Free culture (or perhaps more appropriately, "un-free culture") issues go back to the very genesis of PlanetMath. The idea for having an online mathematics reference resource was not the original concept of the founders of PlanetMath (Aaron Krowne and Nathan Egge); the idea came from a then (ca. 1999) extant resource called "MathWorld?", a web-based reference site create by UVA professor Eric Weisstein. MathWorld? later moved later moved to Wolfram Research, Inc. (and Weisstein along with it).

Weisstein had struck a deal with CRC press to have MathWorld? published in book form, as the "CRC Concise Encyclopedia of Mathematics". It sold well. But amazingly, in 2000, CRC sued Weisstein because it had decided that the web version of the information was a threat to sales of the book. All Eric had was a "verbal agreement" that the web version would be allowed to stand. So the web site went down, and learners lost a valuable, free educational resource.

This is when we decided to create a replacement for it. To rapidly and inexpensively build up content, we needed to make the replacement site collaborative. We also wanted to ensure no one could co-opt the work as CRC did to MathWorld?, so we required that all contributed content be licensed under the GNU Free Documentation License. We named the site "PlanetMath", as an homage to MathWorld? and Weisstein.
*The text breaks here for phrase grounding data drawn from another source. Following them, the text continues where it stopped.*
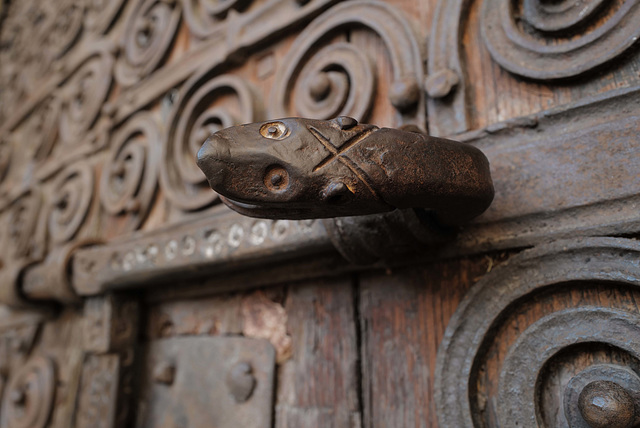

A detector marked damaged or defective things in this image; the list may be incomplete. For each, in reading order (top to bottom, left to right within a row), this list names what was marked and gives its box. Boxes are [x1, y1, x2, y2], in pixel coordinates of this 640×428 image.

rust [199, 115, 496, 226]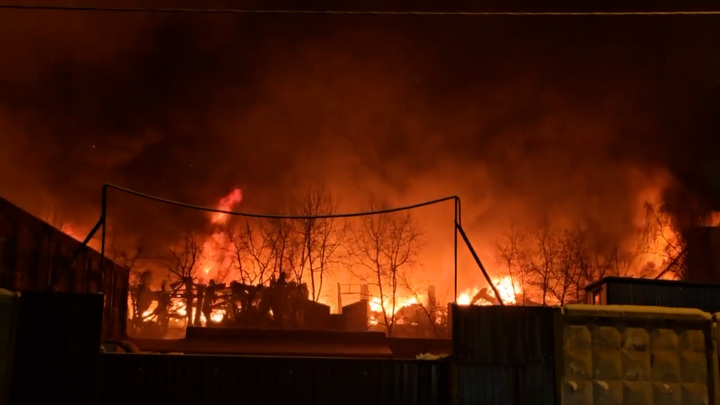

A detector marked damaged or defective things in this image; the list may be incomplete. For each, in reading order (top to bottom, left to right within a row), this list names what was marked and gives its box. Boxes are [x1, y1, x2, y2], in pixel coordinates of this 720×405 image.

rusty metal wall [8, 292, 104, 402]
rusty metal wall [98, 350, 448, 404]
rusty metal wall [450, 304, 564, 402]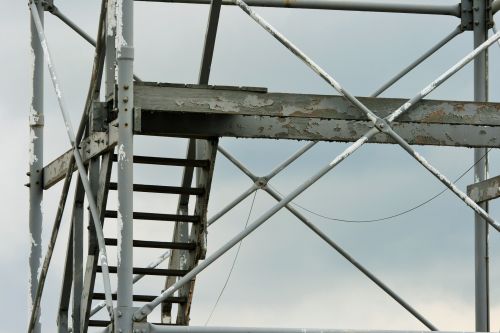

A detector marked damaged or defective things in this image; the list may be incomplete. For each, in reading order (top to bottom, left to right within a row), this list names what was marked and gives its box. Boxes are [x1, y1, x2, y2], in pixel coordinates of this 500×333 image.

rusted metal surface [42, 128, 117, 188]
rusted metal surface [466, 174, 500, 202]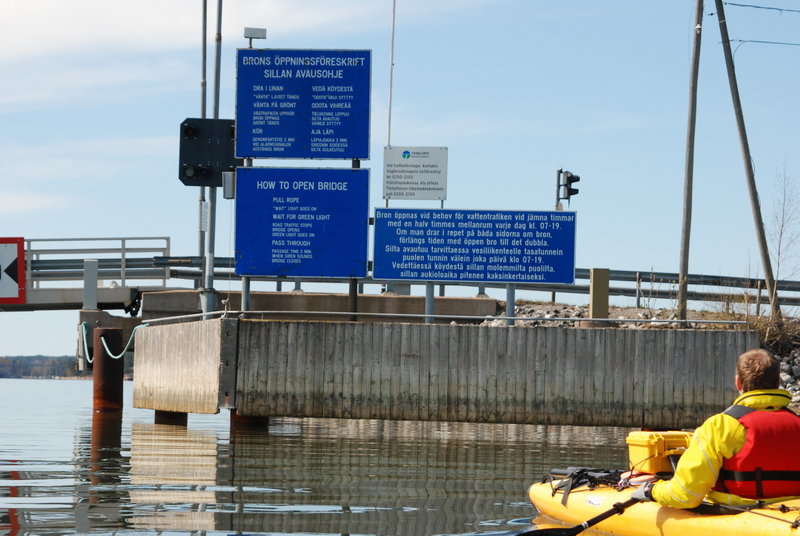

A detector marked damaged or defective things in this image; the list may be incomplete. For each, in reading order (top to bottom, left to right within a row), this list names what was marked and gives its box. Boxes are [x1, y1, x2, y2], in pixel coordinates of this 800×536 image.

rusty metal post [92, 328, 123, 412]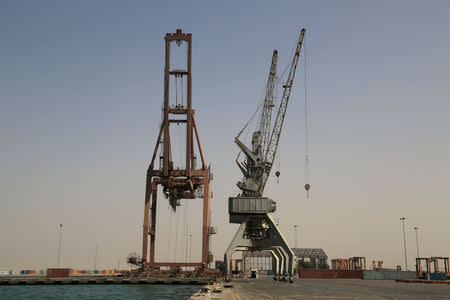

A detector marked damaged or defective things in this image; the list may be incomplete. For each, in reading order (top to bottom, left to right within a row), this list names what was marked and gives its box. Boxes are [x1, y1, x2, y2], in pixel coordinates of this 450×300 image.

rusty red gantry crane [142, 29, 216, 270]
rusty red gantry crane [224, 28, 306, 284]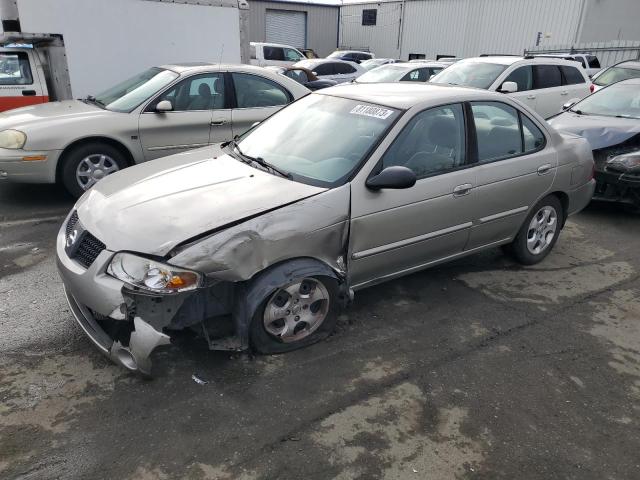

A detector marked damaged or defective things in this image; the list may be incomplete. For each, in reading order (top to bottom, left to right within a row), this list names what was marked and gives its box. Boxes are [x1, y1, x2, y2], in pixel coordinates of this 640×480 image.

cracked headlight [0, 128, 26, 149]
exposed wheel well [56, 138, 135, 185]
bent hood [548, 112, 640, 150]
bent hood [75, 146, 324, 256]
damaged silver sedan [57, 83, 596, 376]
cracked headlight [107, 251, 201, 292]
crumpled front bumper [56, 216, 172, 376]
PlanetMath is essentially the free culture version of MathWorld?. While MathWorld? has long since returned to the web, PlanetMath's different nature has resulted in a vibrant community of learning growing up around the web site. Not only only have people benefited from PlanetMath as passive consumers of the knowledge to be found there, but hundreds if not thousands have grown by helping to actually shape the knowledge base of PlanetMath. This is the value that free culture resources uniquely add.

Soon after the creation of PlanetMath, the software supporting the system was given its own identity as "Noosphere", made into a separate project, and released as free software. Not only did this create the possibility of the underlying software system of PlanetMath improving through the same CBPP dynamics that were generating the mathematical content, but it opened the door to the re-deployment of Noosphere over and over again for other mathematical sciences subject domains, allowing others to create their own collaborative knowledge communities.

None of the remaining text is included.